Writer's picture: Kristy JohnssonKristy Johnsson

What happens when you fully accept your own desire?

Pause here. Take a look around and sink into the moment you are currently in. Feel your legs below you, the parts of your body encountering your surrounding environment. Take a breath into your belly. And then ask yourself these questions, answering honestly if you can:


  • What is it that you deeply long for?

  • What is it that, were you to be fully honest with yourself, you truly want?

  • What is the abiding desire that lives in your heart that just won't budge, despite what your thinking mind, your family, or society says about it?

Pause again. Just answering these questions may bring up some emotions or activation in the body. Take a look around again, connecting with your environment. And then take all the time you need with what arose within you. You may want to write out the answers that came or the responses you experienced within yourself - images, words, sensations, emotions, impulses, etc - when you answered these questions.

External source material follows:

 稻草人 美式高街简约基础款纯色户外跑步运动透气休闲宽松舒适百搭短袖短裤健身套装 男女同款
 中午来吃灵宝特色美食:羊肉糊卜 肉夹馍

And then, as you're ready, ask yourself these follow-up questions:


  • What if you were to turn towards that desire and be curious about the nature of it?

  • If it were to speak, what might that desire say?

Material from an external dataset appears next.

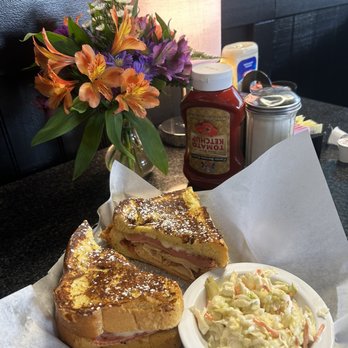 Avalon Diner - Monte Cristo Sandwich - Diners Near Me - Winter Garden, Florida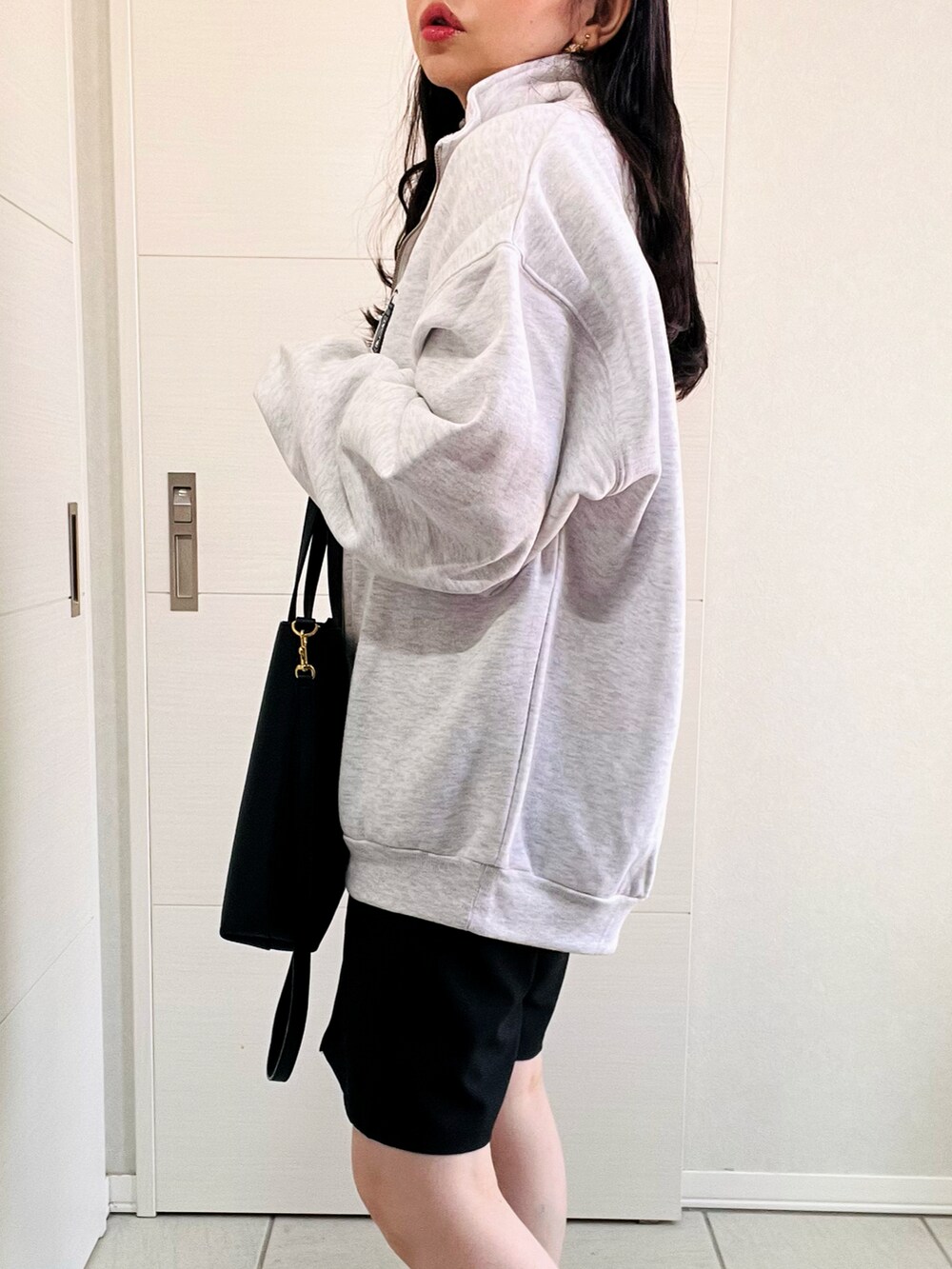 グレー系のスウェット、その他のTシャツ/カットソー、ブラック系のその他パンツを着用したレディースの秋コーディネートの3枚目の写真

  • How does your body respond?

Again, take all the time you need orient to your environment, and then to rest with the answers here. You may want to write them down.


We tend to grow up in families and communities that teach us that our desires cannot be trusted. For me, this led to me growing in confused circles, twirling in on myself trying to deny myself. It resulted in a kind of inner denial of my real self.


Acknowledging and honoring our desires is distinct from a spiritual practice - something that we learn as adults ideally after developing a healthy sense of self - that teaches us that blindly chasing our desires one after another never leads to lasting fulfillment. Or that some compulsive desires can simply be avoidance, addiction, and can result in greater harm, though these addictions arise because more base desires were not met.


In my mind, I see an image of the growth of a tree being thwarted, perhaps it was injured by another falling tree, maybe it finds itself under a rocky overhang. I see the way the tree now grows in on itself, becoming perverted in size and shape, growing in strange directions and appearing disturbed.


The tree isn't allowed to just yearn for and grow towards the sun. It isn't permitted to freely reach down towards subterranean nutrients and waters. It appears conflicted as its natural desires continue to drive its growth despite the blocks it runs up against.

I find that when we spend our whole lives doubting that we truly want what we want, not accepting and allowing our own deep, authentic yearnings, life is so much more painful and confusing.


We are all aware of the spiritual practices that are meant to support our development beyond basic clinging and aversion. They do this not by attempting to deny our desires, but by including and accepting the reality that our human nature includes desire and then guide us towards a new way of relating to that. Because we cannot be honest about how these natural ebb and flows happen within us, these practices often become a form of self-harm. We beat back our inner child, we tie down our true nature. And ultimately, if we don't realize what we're doing, we restrain the evolution of who we are, denying ourselves the full expression of our potential.


I think about what allowed Buddha to awaken: it was a desire so deep, so all-consuming, that he refused to move from beneath the Bodhi tree until he awakened. He was tempted and harassed by demons, the story goes, but he stayed loyal to his heart's longing and ultimately succeeded in his quest. Desire is not an obstacle to insight or inner peace; it's not a thing we need to just "get over." When we notice the way it expressed in our minds and bodies, accepted fully for the critical role it plays in our lives, it is the path.


I'm realizing now that when we grow up in an abusive or neglectful home, we believe that it is our desires that betray us. We believe that our longing for love and connection and pleasure is the problem, not the context and relationships that deny us. We carry around a resistance to our own humanity, trying to constantly restrain something that will do anything to grow towards the sun.